Berlin - Die Wirtschaft dürfte im zweiten Quartal in einem wesentlich moderateren Tempo gewachsen sein als im ersten, erklärte das Bundesfinanzministerium heute in Berlin. "Zwar zeigt die Binnenwirtschaft leichte Stabilisierungstendenzen, jedoch scheinen die hohen Ölpreise die Nachfrage aus dem Ausland zu belasten." Im ersten Vierteljahr war die deutsche Wirtschaft zum Vorquartal noch um ein Prozent gewachsen. Auch Experten von Banken und Instituten erwarten nun eine Wachstumsdelle.
Das Finanzministerium schrieb, für eine Verbesserung der öffentlichen Einnahmesituation sei eine nachhaltige Erholung der Binnenwirtschaft erforderlich. Zu Jahresanfang sei aber die heimische Nachfrage gesunken.

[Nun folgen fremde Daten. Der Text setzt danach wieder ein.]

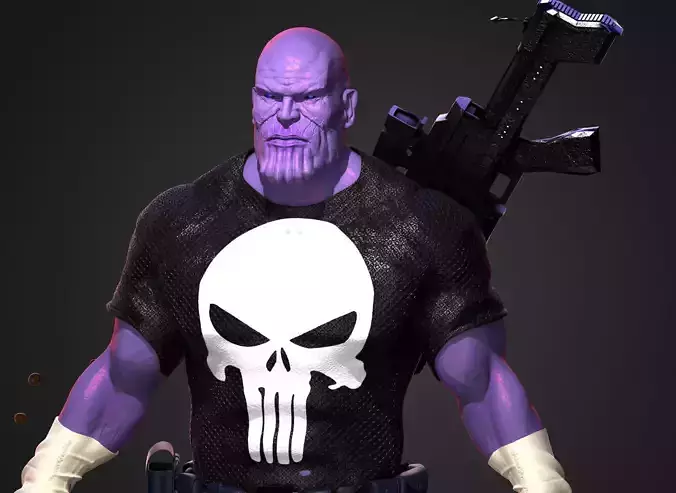 Punisher Thanos Sculpt 3D model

Hintergrund ist, dass der starke Export anders als üblich die deutsche Binnenwirtschaft - Investitionen und Konsum - noch immer nicht angeschoben hat. So war auch im ersten Quartal der private Konsum zurückgegangen. Das Wirtschaftsministerium erklärte, ein Signal für eine moderate Belebung des privaten Konsums in den kommenden Monaten bleibe aber die kontinuierliche Belebung der Inlandsnachfrage nach Konsumgütern.
Steuereinnahmen stabilisieren sich
Nach einem Einbruch im April haben sich die Steuereinnahmen des deutschen Fiskus im Mai deutlich erhöht. Insgesamt lagen die Steuereinnahmen von Bund, Ländern und Gemeinden (ohne reine Gemeindesteuern) im Mai um 4,5 Prozent über dem Vorjahresmonat, hieß im Monatsbericht des Finanzministeriums. Beim Bund erhöhten sie sich sogar um 4,9 Prozent. Die Lohnsteuereinnahmen hätten positiv überrascht mit einem nur kleinen Minus von 0,8 Prozent, und zwar trotz der zu Jahresbeginn geltenden Tarifsenkung.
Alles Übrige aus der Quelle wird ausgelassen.